Rilke, in turn, visited Russia twice on extensive journeys and fell in love with the beauty of the country, the wealth of its culture and the great people he met. Among them was one of Russia’s greatest portraitists of the time: Leonid Pasternak, who gave the world a wonderful painting, “Rilke in Moscow,” which will be displayed here in Moscow at an exhibition called “Rilke and Russia” in early 2018. It was there, at his father’s house, that the young Boris Pasternak met Rilke, about whom he later wrote in an essay. Boris certainly could have done so in German, as he had studied in Marburg. Another great Russian Rilke met was Leo Tolstoy, whose statue stands right next to our house in front of a palace he chose as the home of the Rostov family in “War and Peace.” Tolstoy’s work and thinking had a significant impact not only on Rilke, but also on other well-known German authors such as Thomas Mann and Bertolt Brecht.
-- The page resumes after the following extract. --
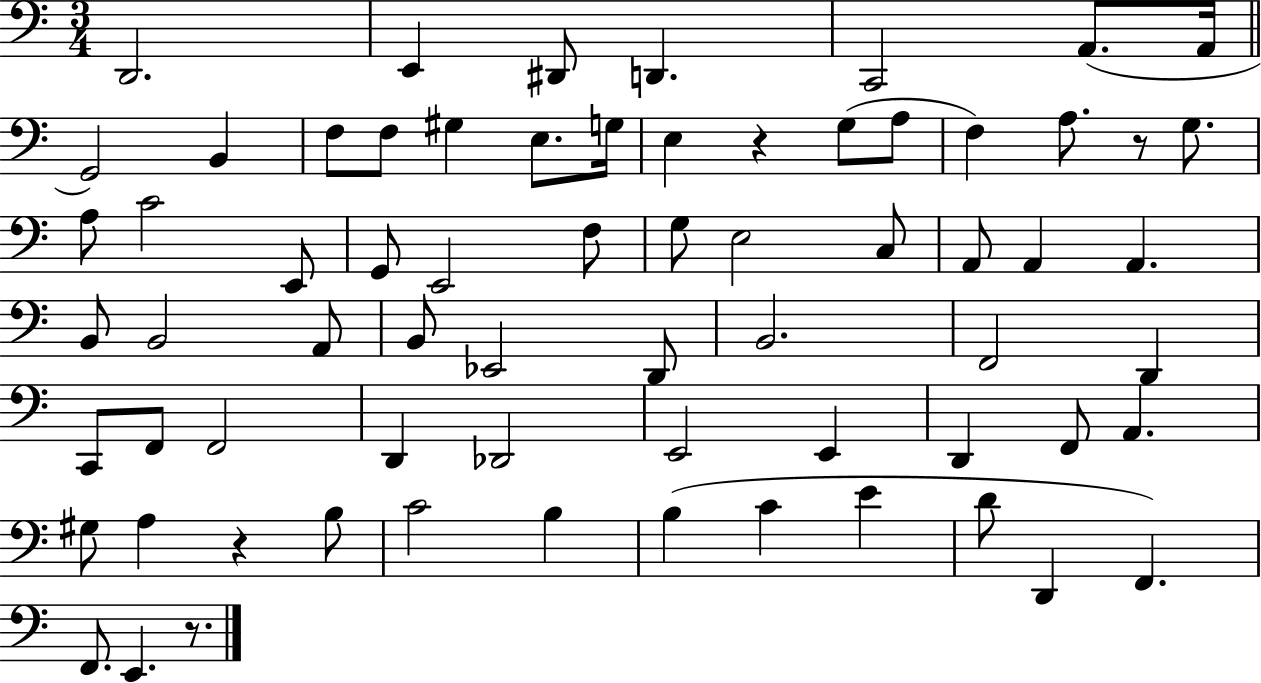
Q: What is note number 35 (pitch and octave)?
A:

And, yes, Anton Chekhov — who spent the last part of his life in Germany and to this day remains the second most successful foreign author on German stages after William Shakespeare — lived just around the corner.
And then one day, we discovered the expressive installation honoring the great poet and singer Bulat Okudzhava. It was his beautiful songs and delightful, ironical novels ridiculing the KGB by pretending to depict the Okhrana of tsarist Russia that had lured me into my first attempts to learn the wonderful language spoken by Okudzhava (and Chekhov and Pasternak and ...) in the early 1970s.
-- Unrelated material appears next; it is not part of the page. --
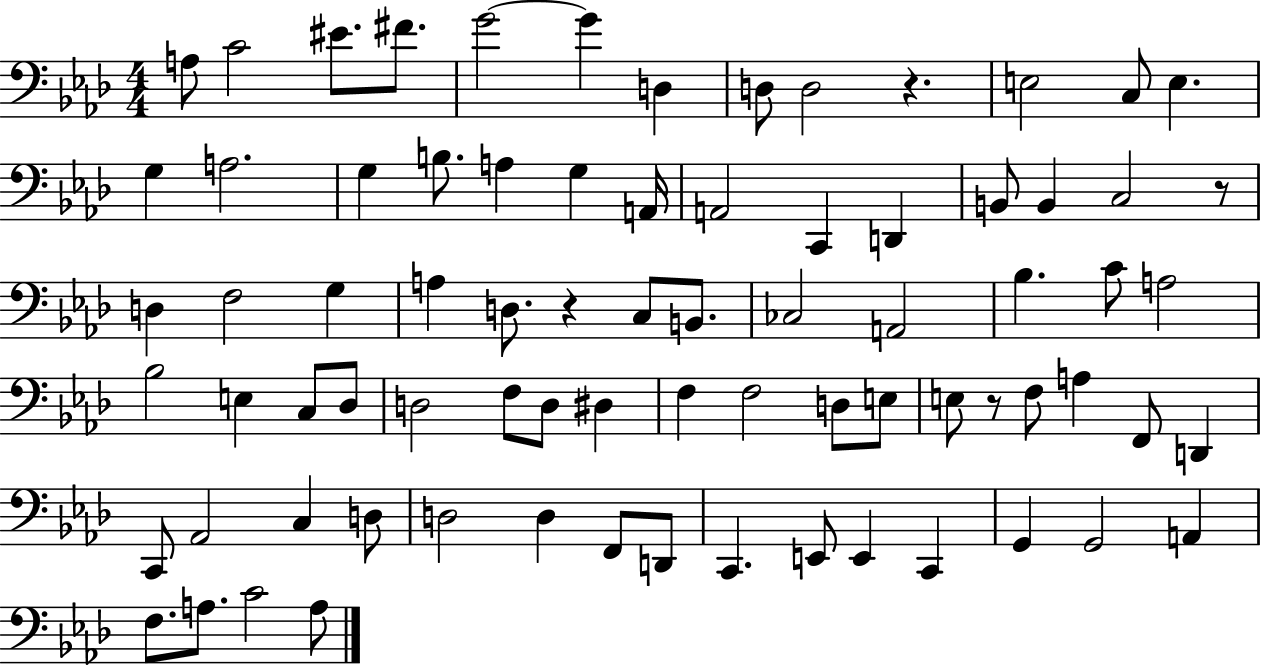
A3/e C4/h EIS4/e. F#4/e. G4/h G4/q D3/q D3/e D3/h R/q. E3/h C3/e E3/q. G3/q A3/h. G3/q B3/e. A3/q G3/q A2/s A2/h C2/q D2/q B2/e B2/q C3/h R/e D3/q F3/h G3/q A3/q D3/e. R/q C3/e B2/e. CES3/h A2/h Bb3/q. C4/e A3/h Bb3/h E3/q C3/e Db3/e D3/h F3/e D3/e D#3/q F3/q F3/h D3/e E3/e E3/e R/e F3/e A3/q F2/e D2/q C2/e Ab2/h C3/q D3/e D3/h D3/q F2/e D2/e C2/q. E2/e E2/q C2/q G2/q G2/h A2/q F3/e. A3/e. C4/h A3/e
Why does a diplomat reflect upon all this? Germany and Russia’s ties are so deep, so rich, so substantial — be it in literature, trade or science, be it in the exchanges between civil society or in the fine arts. I am highly confident that the solid foundations of our relations, which were built over the course of centuries, cannot be destroyed by current controversies and differences of opinion. Wherever we see such things, we must address them. Wherever we feel that commitments, agreements or the law have been violated, we need to speak out and seek to redress them in accordance with the principles and rules we have all agreed on. The lessons of history and the correctness of these principles teach us never to say: “Oh, let’s just forget about it!” However, we will always engage with the clear ambition in mind that we want to build good relations with Russia — and that we have both a great heritage and a great present that will help us to do so. Throughout the time I have spent in Moscow — not always easy — my feeling has been very clear: My fundamental affection for Russia will not be shaken.
Rüdiger von Fritsch is the German Ambassador to Russia.